PROBLEM TO WORK ON
Below this line are records; transcribe exactly the lines between the one holding "Turnaj druháků v Lomnici n/P 29.11.2025 9" and the one holding "Clarence Arcade, Reception, Ashton-under-Lyne", inclusive, and omit the pictures.

─── RECORD EXCERPTS

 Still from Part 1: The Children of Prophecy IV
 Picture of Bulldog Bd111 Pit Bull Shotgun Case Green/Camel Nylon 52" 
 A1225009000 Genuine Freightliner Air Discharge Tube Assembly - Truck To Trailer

──────
─── RECORD EXCERPTS

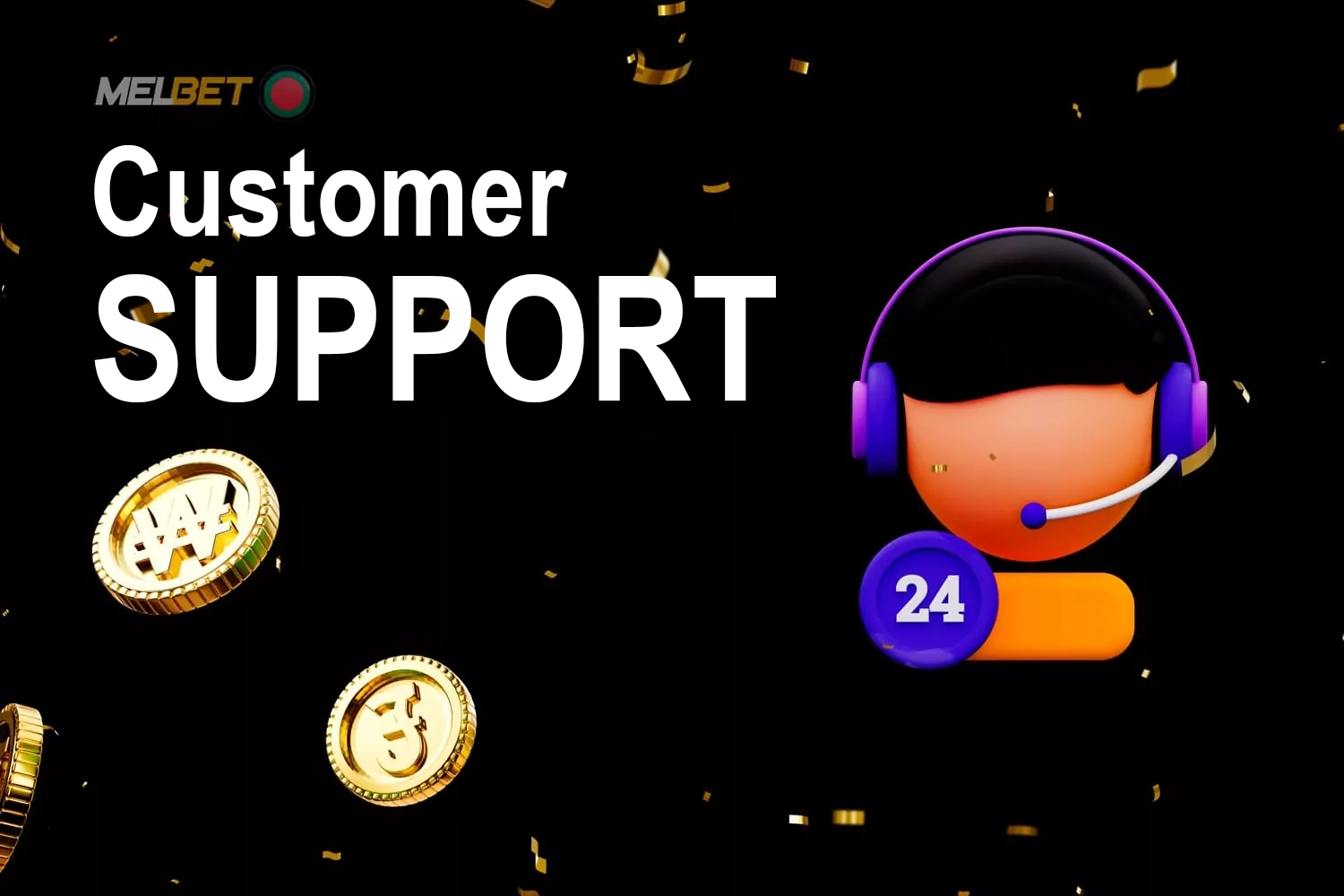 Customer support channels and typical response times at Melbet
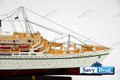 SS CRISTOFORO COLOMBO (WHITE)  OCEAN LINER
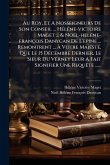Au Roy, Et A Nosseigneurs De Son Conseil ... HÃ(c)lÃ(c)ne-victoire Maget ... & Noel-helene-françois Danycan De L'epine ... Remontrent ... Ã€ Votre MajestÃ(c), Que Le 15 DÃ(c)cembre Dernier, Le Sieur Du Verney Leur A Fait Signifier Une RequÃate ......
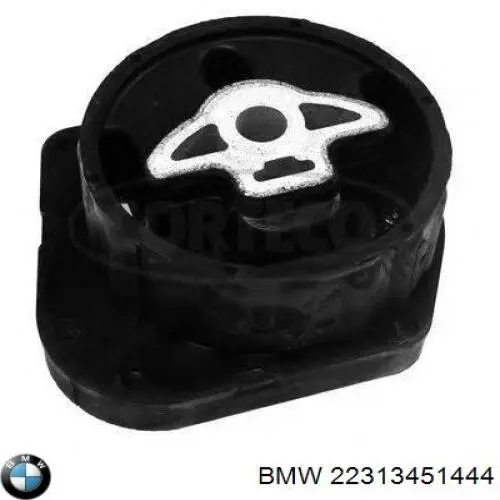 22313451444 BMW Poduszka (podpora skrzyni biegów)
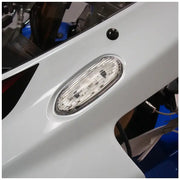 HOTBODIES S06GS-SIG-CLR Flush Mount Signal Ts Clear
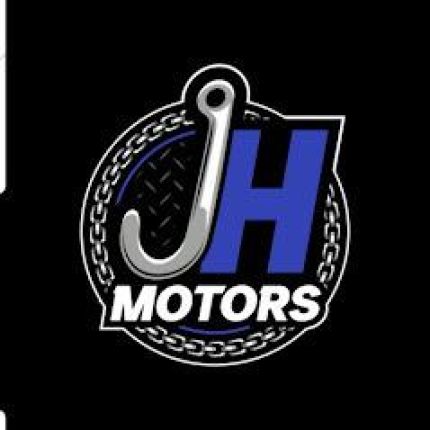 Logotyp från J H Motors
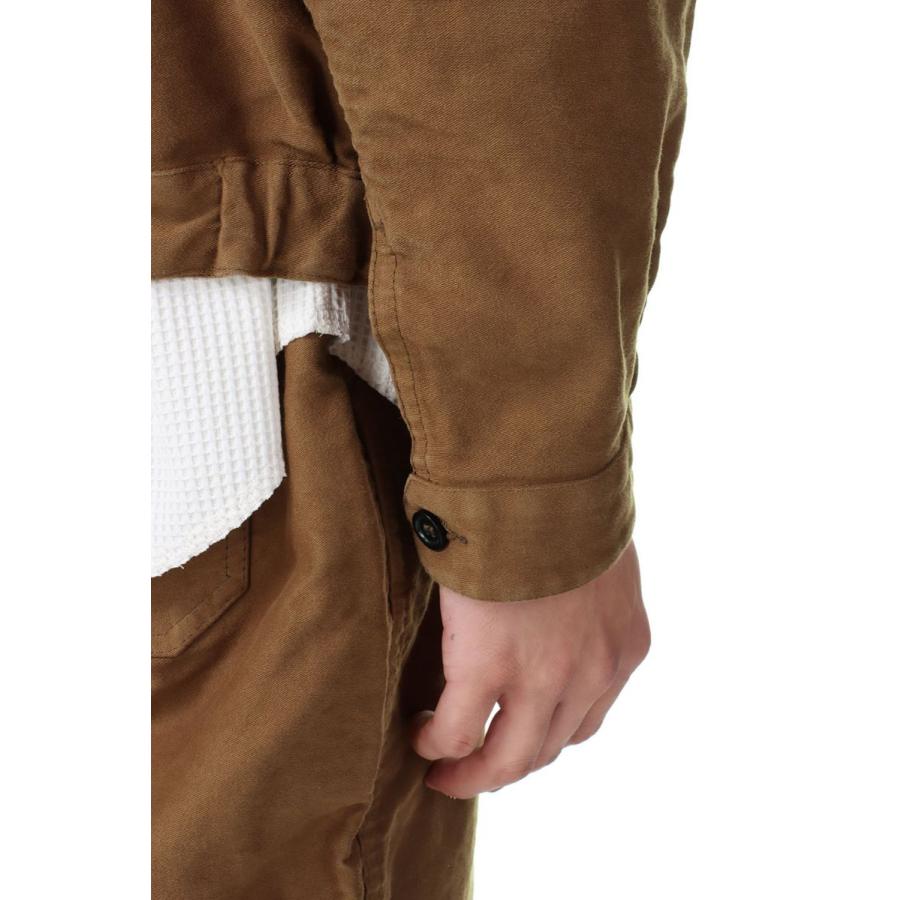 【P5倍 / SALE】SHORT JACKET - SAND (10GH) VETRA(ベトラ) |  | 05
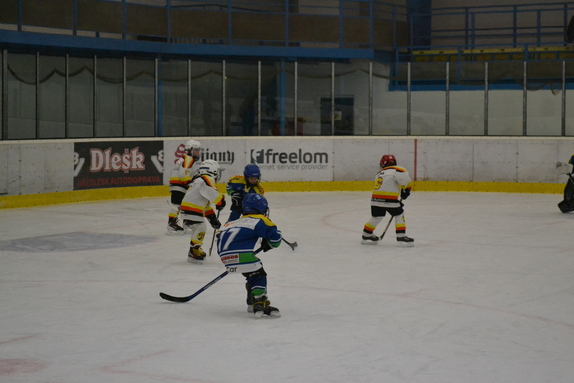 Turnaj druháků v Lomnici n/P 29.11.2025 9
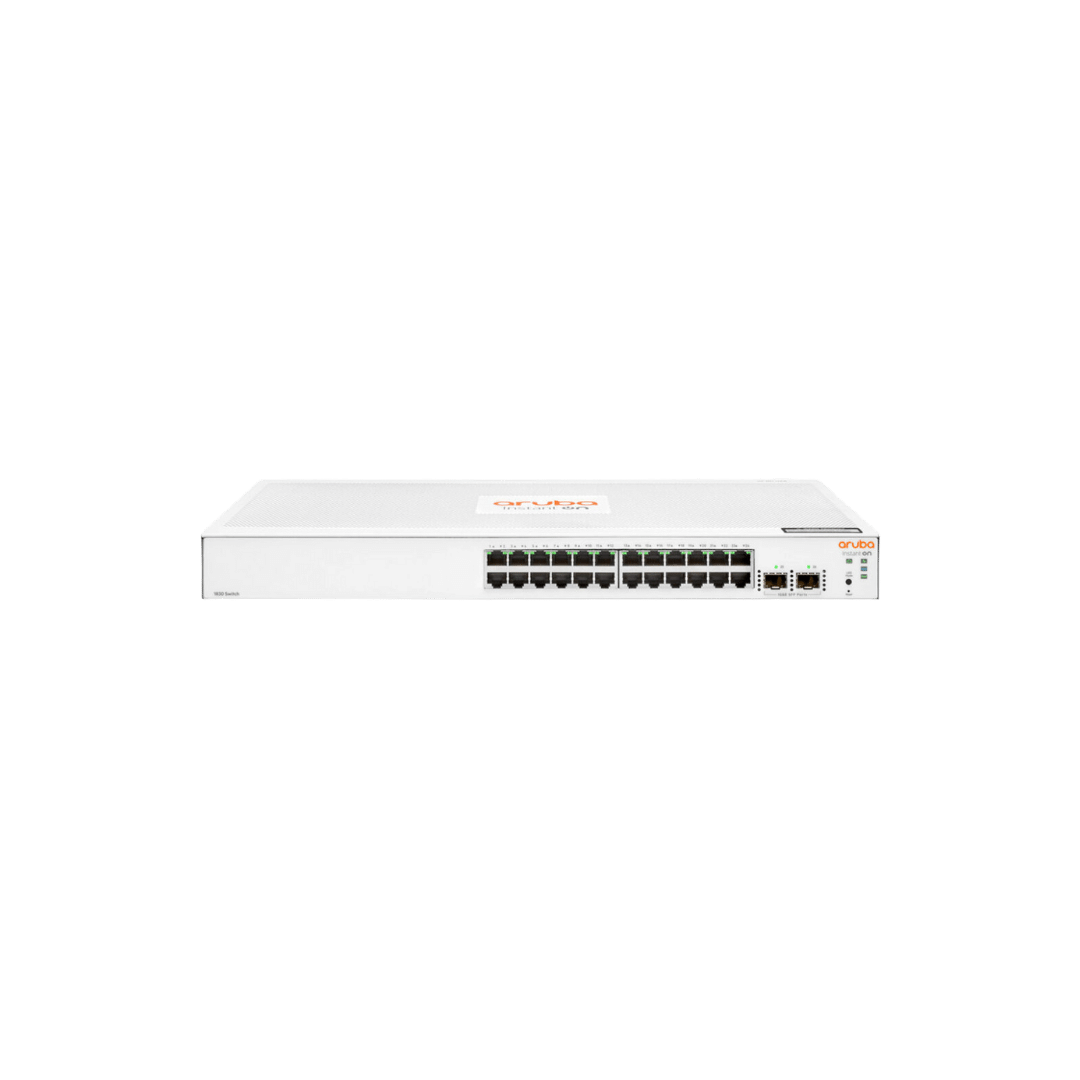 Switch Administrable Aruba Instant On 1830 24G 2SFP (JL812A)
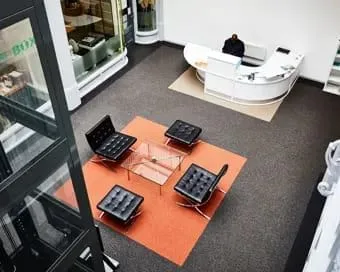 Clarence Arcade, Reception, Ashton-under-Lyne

──────
─── RECORD EXCERPTS

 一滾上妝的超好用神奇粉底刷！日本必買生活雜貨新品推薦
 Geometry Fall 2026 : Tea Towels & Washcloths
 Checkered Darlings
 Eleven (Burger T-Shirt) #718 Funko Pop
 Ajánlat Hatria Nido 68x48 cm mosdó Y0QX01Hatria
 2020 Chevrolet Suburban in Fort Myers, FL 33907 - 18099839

──────

WRITTEN SOLUTION
 Turnaj druháků v Lomnici n/P 29.11.2025 9
 Switch Administrable Aruba Instant On 1830 24G 2SFP (JL812A)
 Clarence Arcade, Reception, Ashton-under-Lyne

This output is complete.